Devant un parterre médiatique fourni, les présidentes des deux Commissions de gestion, Doris Fiala (PLR/ZH) et Anne Seydoux-Christe (PDC/JU), ont été concises. «Aucune constatation ne met en cause l’aptitude professionnelle de Michael Lauber et rien ne révèle non plus qu’il aurait menti au sujet de la troisième rencontre présumée avec le président de la FIFA», affirment-elles. Quant aux demandes de récusation déposées auprès du Tribunal pénal fédéral en raison de ces entrevues (deux en 2016 et une présumée en 2017), «c’est l’instance judiciaire qui est compétente en la matière», se sont-elles bornées à indiquer.

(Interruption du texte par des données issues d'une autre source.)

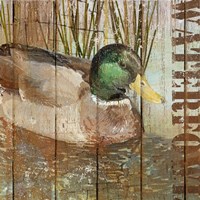 Open Season Mallard Fine Art Print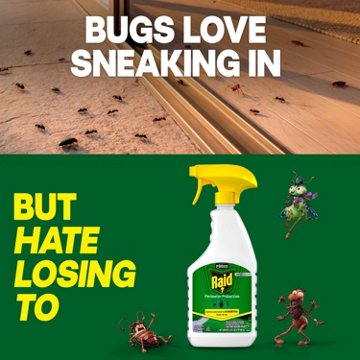 Raid Max Perimeter Protection Spray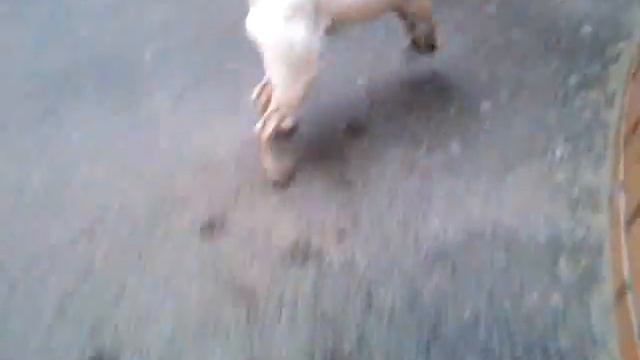 Больной Пёс смотреть онлайн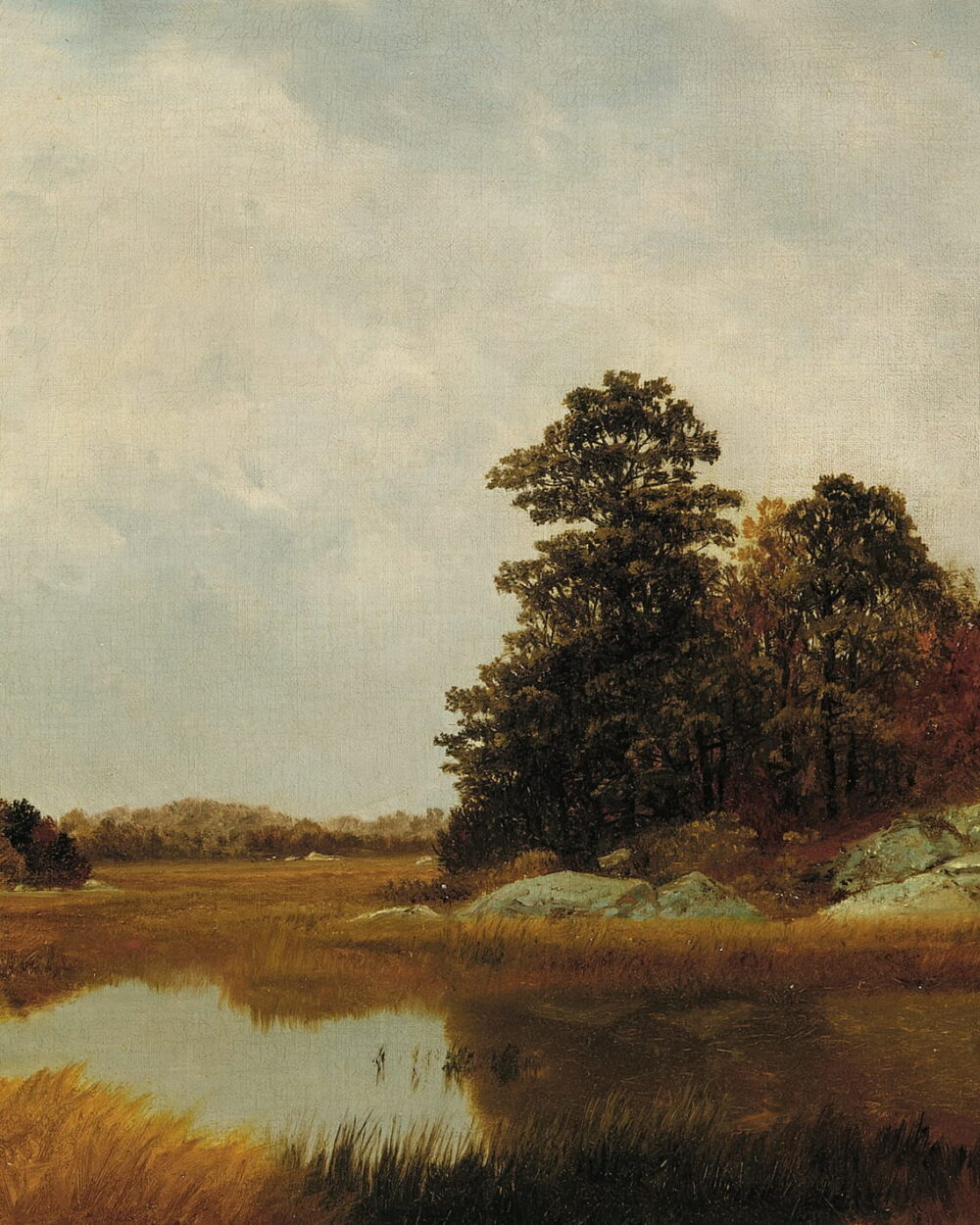 A still marsh pool reflects a cloudy sky beside a clump of autumn trees.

Après que l’Autorité de surveillance du MPC eut annoncé vendredi dernier l’ouverture d’une enquête disciplinaire à l’encontre du procureur général, les deux politiciennes ont parlé de «confiance altérée» entre Michael Lauber et l’organisme de surveillance et annoncé l’ouverture d’une «inspection» pour tenter de la rétablir. En attendant la décision de la Commission judiciaire, elles ont insisté sur la nécessité de s’en tenir aux faits et de rester objectif: «Si l’enquête était arrivée en début de législature, Michael Lauber continuerait son travail», a par ailleurs relevé Doris Fiala, soulignant le hasard défavorable du calendrier pour le procureur en fin de mandat. «Ce n’est pas une chasse aux sorcières», ont encore insisté les deux présidentes de commission, appelant à une «rapide sortie de crise, laquelle profite avant tout aux malfaiteurs».